In a few days time, leaders of European Union, Latin America and the Caribbean will meet in Santiago de Chile.
Among those from Europe confirmed to be there on January 26th and 27th are the French Prime Minister, the German Chancellor, the Spanish Prime Minister, the European Commission’s President, the President of the European Council, and Europe’s Trade Commissioner.
As far as Latin America and the Caribbean are concerned, most Heads of Government will attend.
From a European perspective the event is intended to give a new impetus to cooperation and to build common positions on global issues. Europe’s interest is also on the business opportunities the event may bring from what the EC sees as the fast-growing, emerging market of Latin America. There will also be in the margins, discussions on implementing Europe’s recent free trade agreements with Colombia and Peru and with Central America, plus exchanges aimed at trying to move forward an EU Mercosur agreement. There will be a separate EU-Cariforum meeting.
Despite this euro-centric focus and the usual obscure and vague language in accompanying news releases, this meeting may have significance for the hemisphere that justifies the huge costs associated with the event.
What may set this meeting apart is that the hemispheric interlocutor will be the EU’s relatively new counterpart for Latin America and the Caribbean, CELAC; a body that is wholly a construct of the South.
Established in 2010 out of the Rio Group, CELAC reflects a desire to reduce the overwhelming influence of the United States on the politics and economics of Latin America and to lessen the influence of institutions such as the Organisation of American States, (OAS) that, in their origins, were constructs of the cold war. Unlike the OAS, which includes the US and Canada but excludes Cuba, CELAC, the Comunidad de Estados Latinoamericanos y Caribeños, consists of all 33 nations in the Americas other than Canada, the US and the territories of European nations.
Although the grouping has been championed by left leaning Latin nations, it represents a broader desire to establish a political framework based on the similarities in thinking between member nations, and a desire to authentically represent the views of the southern part of the hemisphere to a world in the process of change.
The body, which has had relatively little media coverage in the English speaking Caribbean, is perhaps best known for the decision taken in 2011 by all of its members to support Argentina’s ‘legitimate rights in the sovereignty dispute’ over the Falklands/Malvinas and its surrounding maritime spaces.
That decision, which took the United Kingdom by surprise, ended Britain’s belief that it could always count on the support of the nations of Caricom, while making clear that CELAC was a potentially powerful new hemispheric voice for the South.

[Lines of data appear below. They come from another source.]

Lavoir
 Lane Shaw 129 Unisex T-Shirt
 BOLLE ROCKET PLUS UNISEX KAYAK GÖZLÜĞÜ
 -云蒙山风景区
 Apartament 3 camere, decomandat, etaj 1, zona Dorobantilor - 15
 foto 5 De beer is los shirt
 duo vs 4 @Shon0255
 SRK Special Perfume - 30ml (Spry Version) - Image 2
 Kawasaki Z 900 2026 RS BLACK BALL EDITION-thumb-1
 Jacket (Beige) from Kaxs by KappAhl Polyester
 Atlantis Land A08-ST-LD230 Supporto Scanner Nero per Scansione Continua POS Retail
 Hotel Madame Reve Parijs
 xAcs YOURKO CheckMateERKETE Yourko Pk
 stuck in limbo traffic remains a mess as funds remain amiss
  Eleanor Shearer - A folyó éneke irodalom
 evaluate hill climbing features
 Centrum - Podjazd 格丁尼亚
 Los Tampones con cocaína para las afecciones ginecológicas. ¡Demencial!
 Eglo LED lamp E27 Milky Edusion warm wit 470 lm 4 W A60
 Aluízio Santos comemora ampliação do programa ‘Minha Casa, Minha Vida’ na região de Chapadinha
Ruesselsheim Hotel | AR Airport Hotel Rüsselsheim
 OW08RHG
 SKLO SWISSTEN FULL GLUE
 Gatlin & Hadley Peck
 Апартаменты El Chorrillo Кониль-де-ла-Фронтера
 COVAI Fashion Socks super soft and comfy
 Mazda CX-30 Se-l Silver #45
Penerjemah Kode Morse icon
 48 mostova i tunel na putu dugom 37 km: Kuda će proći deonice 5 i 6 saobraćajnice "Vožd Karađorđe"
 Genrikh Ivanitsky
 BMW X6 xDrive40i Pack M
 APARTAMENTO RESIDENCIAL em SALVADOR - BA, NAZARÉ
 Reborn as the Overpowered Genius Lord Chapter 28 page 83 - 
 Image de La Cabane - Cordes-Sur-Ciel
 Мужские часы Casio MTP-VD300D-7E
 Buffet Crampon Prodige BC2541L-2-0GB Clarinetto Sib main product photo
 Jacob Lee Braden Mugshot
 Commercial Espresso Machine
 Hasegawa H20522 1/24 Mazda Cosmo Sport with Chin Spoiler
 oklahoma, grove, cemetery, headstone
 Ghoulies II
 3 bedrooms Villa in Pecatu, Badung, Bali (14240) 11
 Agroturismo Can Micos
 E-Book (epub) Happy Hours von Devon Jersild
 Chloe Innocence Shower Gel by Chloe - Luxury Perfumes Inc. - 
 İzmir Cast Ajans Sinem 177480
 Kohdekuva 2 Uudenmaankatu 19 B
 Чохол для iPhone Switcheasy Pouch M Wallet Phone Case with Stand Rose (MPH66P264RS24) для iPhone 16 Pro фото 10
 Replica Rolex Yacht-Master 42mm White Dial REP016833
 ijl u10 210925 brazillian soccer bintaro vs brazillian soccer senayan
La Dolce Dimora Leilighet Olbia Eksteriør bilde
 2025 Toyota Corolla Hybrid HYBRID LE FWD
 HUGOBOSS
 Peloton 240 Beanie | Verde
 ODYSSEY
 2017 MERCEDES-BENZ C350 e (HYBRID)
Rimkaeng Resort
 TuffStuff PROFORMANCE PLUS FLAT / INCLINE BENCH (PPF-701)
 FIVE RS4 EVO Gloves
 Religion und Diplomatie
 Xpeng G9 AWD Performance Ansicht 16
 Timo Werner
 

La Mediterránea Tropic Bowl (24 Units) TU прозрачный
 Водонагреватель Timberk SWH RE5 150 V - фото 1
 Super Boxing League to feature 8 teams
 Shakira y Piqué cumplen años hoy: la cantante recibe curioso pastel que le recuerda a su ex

Although Europe may be approaching the meeting from the standpoint of its traditional global economic and social agenda, its encounter with CELAC offers the opportunity for a quite different dialogue based on the growing economic strength of Latin American nations.
What is far from clear, however, is how much of the Caribbean will benefit from the event when it lacks the economic dynamism to make it attractive; is not moving at the same pace as Latin nations; has failed to integrate or implement new trade relationships; and is in danger of being eclipsed by its Latin neighbours in almost all respects other than its voting weight.
For the last decade China, the European Union, the United States and multilateral institutions have been developing policies that describe the Latin American and Caribbean as if it were a single entity; wishing to see the LAC region, as they describe it, as a coherent political or economic whole.
The reality is very different. Cariforum in comparison to Latin America is fragmented and without contiguous borders, so cannot easily benefit from closer economic integration; is vulnerable in ways that large nations are not; has been slow to negotiate or implement its own treaties with Europe in the form of the EPA and the recent strategic partnership agreement; has members including Belize, Guyana, Suriname, the Dominican Republic and Cuba that are rapidly and maybe in time preferentially deepening economic, security and transport links with Latin neighbours; and for the Anglophone part of the region has a history and culture that leads the region to argues for separate and special treatment.
That said, CELAC’s emergence accords with nations like Cuba and the Dominican Republic seeking to find ways to enlarge the space in which they might operate with others hemispherically and internationally.
It also coincides with private exchanges between a number of senior Caribbean figures who are concerned as to where the region positions itself in the next decade.
Their starting point is to characterise the Anglophone part of the region as being driven by the past rather than the future, unable to overcome its fragmented nationalism, with institutions seemingly unable to deliver rapidly integration and change. They see this as the reason why the region as a whole lacks coherence in its international relationships, why it failed in the 1990s to identify a Caribbean response to the Washington economic consensus and is now unable to define an identifiably Caribbean response to changes in the global location of power.
Put another way this informal debate considers traditional ties, observes global economic change, the growing global economic role of China, India, Brazil, Russia, oil rich states and sovereign funds and asks why for the most part, the Anglophone Caribbean remains so focussed on its relationship, with the old world and has not as a region updated its thinking.
Although CELAC offers the Caribbean a new and broader political vehicle through which it can address the concerns that it shares with its Latin neighbours, this is not enough. It is up to the region to show how the new body, through its high level encounter with Europe, can add value to the needs of the Caribbean and Latin America, and can relate this back to the needs of those who pay for their leaders to attend such events.